If most of us do, can the brand then claim a right over that colour — just like a trademark?
A judge of the Calcutta High Court recently dived deep to find answers to such questions while delivering a judgment on December 13 that, in the coming days, might settle the debate that often seize marketers, especially when they resort to comparative advertisements.
The case in question is a legal battle between battery makers Eveready Industries and Gillette India Ltd, which makes Duracell. The bone of contention is an advertisement where Gillette is said to have indicated to Eveready by showing a red-coloured battery.
While Eveready is the only brand in the dry cell category that uses the red colour predominantly in its packaging (remember the Give Me Red punchline?), what judge Sukla Kabir Sinha tried to find the answer to this question: Does a red-coloured unbranded battery means only a particular brand?
Conversely, the court also had to decide whether Eveready can claim sole right to the colour red in its product category.
Gillette has through its advertisements been claiming that its Duracell batteries were ten times better than ordinary stuff. In its campaign, particularly in the electronic media, it said ordinary batteries can’t last longer and for imagery showed generic – but red coloured — ones.
Eveready complained claiming the colour red always played a dominant role in its product communication and Duracell was making a disparaging remark about its products by indicating they were inferior to Duracell.
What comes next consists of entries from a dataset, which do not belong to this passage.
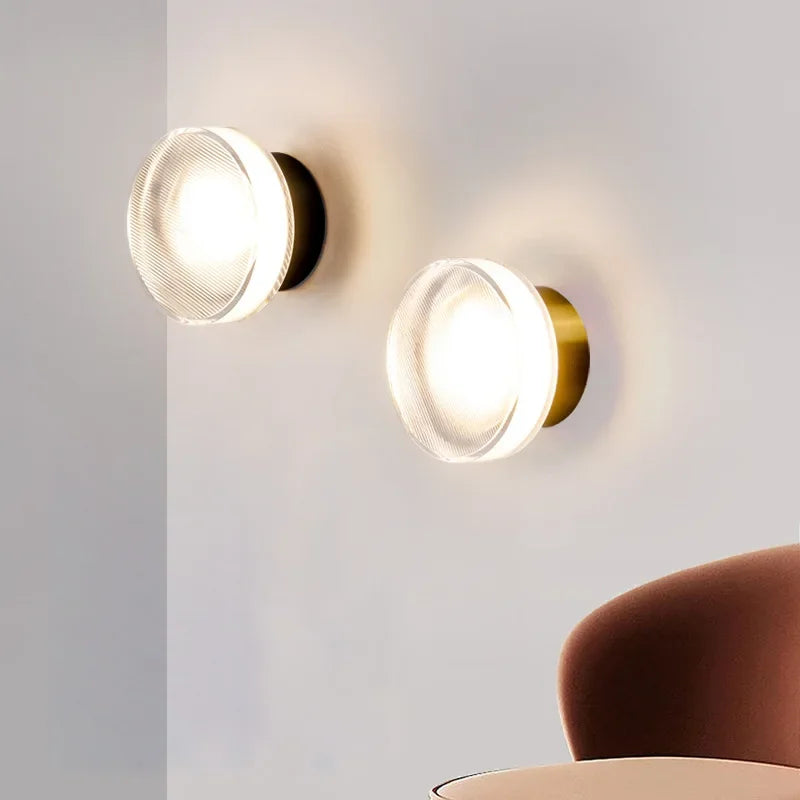 Elegante Moderne Ronde Wandlamp | Verlicht Uw Ruimte met Stijl - Rumina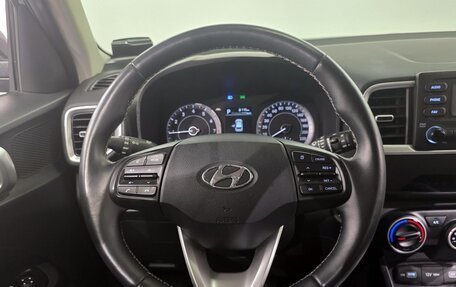 Hyundai Venue I, 2022 год, 1 687 000 рублей, 9 фотография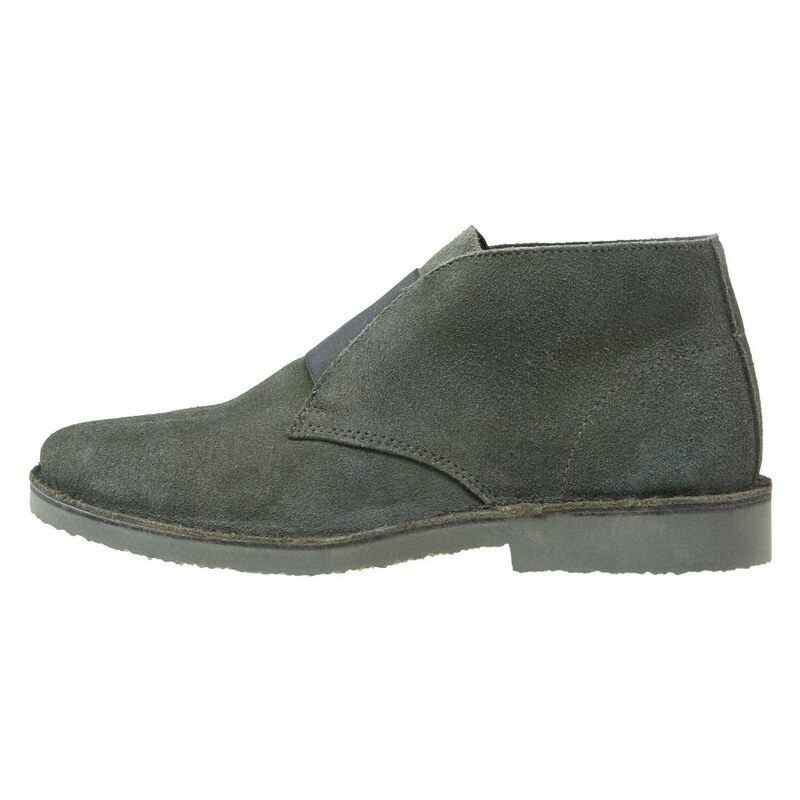 ICHI VALERI Boots à talons bosco/dark green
“It is true that the product, an ordinary battery shown in the advertisement, did not have any label at all. The jacket was, however, painted red. If any battery is to be shown, it must be of some colour and red was used. Since the product of Eveready had a dominant effect on the indigenous market and most of their products were red in colour, unwary purchasers may think that such ordinary battery would mean Eveready. We cannot brush aside such possibility. At the same time, we would unhesitatingly say colour could not be the monopoly of any trade or product,” the Judge said. While delivering a lengthy order, the judge had to dwell on those pronounced on similar case in recent past.
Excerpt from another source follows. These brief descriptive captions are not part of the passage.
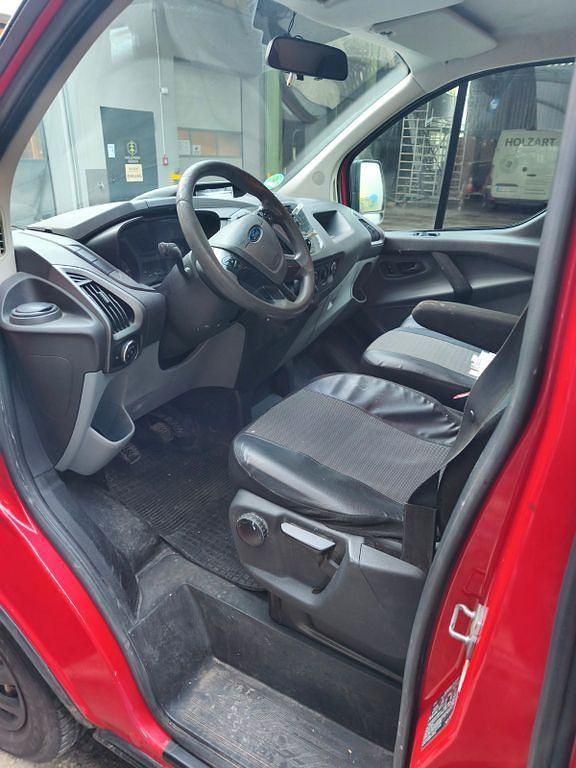 Gebraucht Ford Transit Custom 101 PS (74 kW) 2014 Rot Van / Kleinbus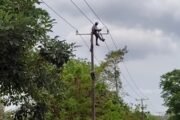 Capturado hombre por manipular redes eléctricas en Valledupar
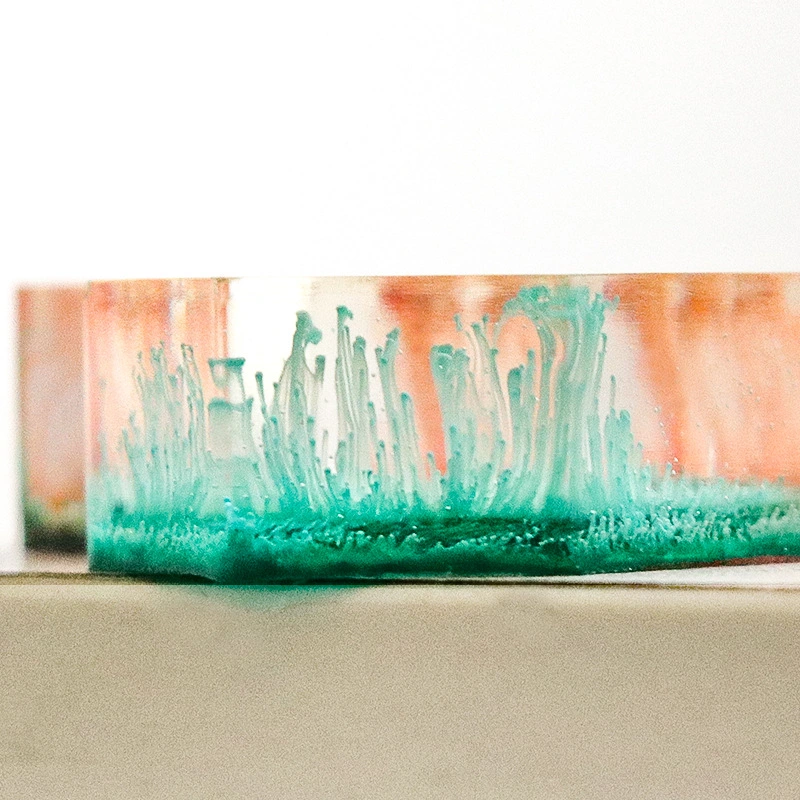 Diffusion Color Concentrate For Crystal Glue, Toning And Rendering 3D Blooming Fluid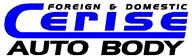 Cerise Auto Body Specialist 13020 Cerise Ave., Hawthorne, CA 90250 Cerise Auto Body Specialist Logo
“On the use of the colour red, controversy arose with toothpowder in the case of Dabur India where Dabur’s product Lal Dant Manjan was attacked by Colgate. There, the Delhi High Court passed an order of injunction considering the balance of convenience. Similarly, the court intervened when product Chyawanprash belonging to Dabur was attacked by a rival product in the case of Dabur India vs Emami. In the case of Cipla, the court categorically observed, there could not be any monopoly over colour... This decision, in our view, would not have any role to play since it’s not a disparaging action,” the order said.
The judge restrained Gillette from publishing the advertisement.